The role of the Cerebellum in Learning
W. T. Thach
The aim of this study was to review previous research to see what roles the cerebellum has in learning a coordinated movement.
The cerebellum is said to learn new movements by different pathways going into the cerebellum e.g. purkinje cells. These cells were also said to be the ones producing action potentials when movement occurs.
These different pathways carry information about different situations i.e. learning a new movement. These pathways also contain a great amount of memory cells that contain the information about the new movement that has been learnt. There is also a second pathway that helps these purkinje cells learn and recognize new patterns in the information from the first pathways. In response to the new information that is inputted, new patterns of movements are then created.
Gilbert and Thach (1977) wanted to test to see if the cerebellum actually is involved when trying to learn a new co-ordination movement.

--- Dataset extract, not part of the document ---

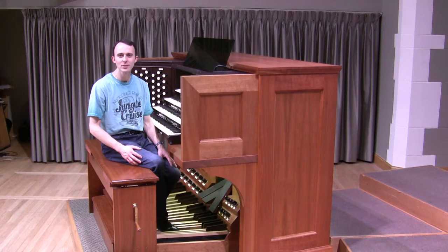In the last few weeks, we have learned about the pipes that make up the organ and the various keyboards, which are called manuals. If you missed either of those videos, you can find a link to them in the description. This week, we're going to learn about the pedals.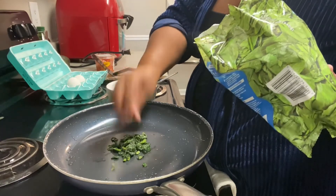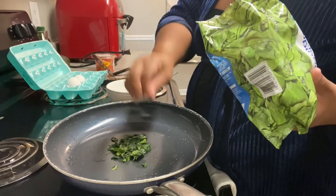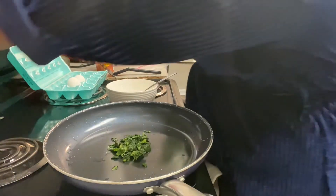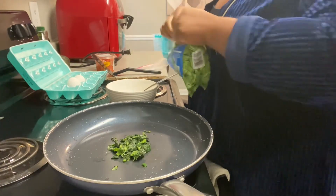This does not seem like a lot of spinach, but it's going to cook down. The first thing we're going to do is put a little bit of spinach in the pan and let that cook. I just buy a bag of frozen spinach — you probably saw me purchase this in my grocery shopping video.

To do this they tried to teach monkeys to perform different tasks using a manipulandum against constant torque loads. The main thing they were looking at were the wrist movements of the monkeys.
Within the first 12 to 100 trials the monkeys were able to adapt to the task and this was explained by Evarts (1973) as being because of the long loop functional stretch. This is when the muscle has to activated in order for movement to occur. In order for the muscle to be activated the cerebellum has to be stimulated.
One of the conclusions of the study was that once a skilled movement has been learned, it remains coded in cerebellar memory cells for a really long time.]
Coordination of the many body parts in order to attain smooth movements is usually agreed to be one of the particular roles of cerebellar control. This is often thought of as being due to a “fine-tuning” of the many movement pattern generators downstream from the cerebellum in the spinal cord, brainstem, and motor cortex (Holmes, 1939).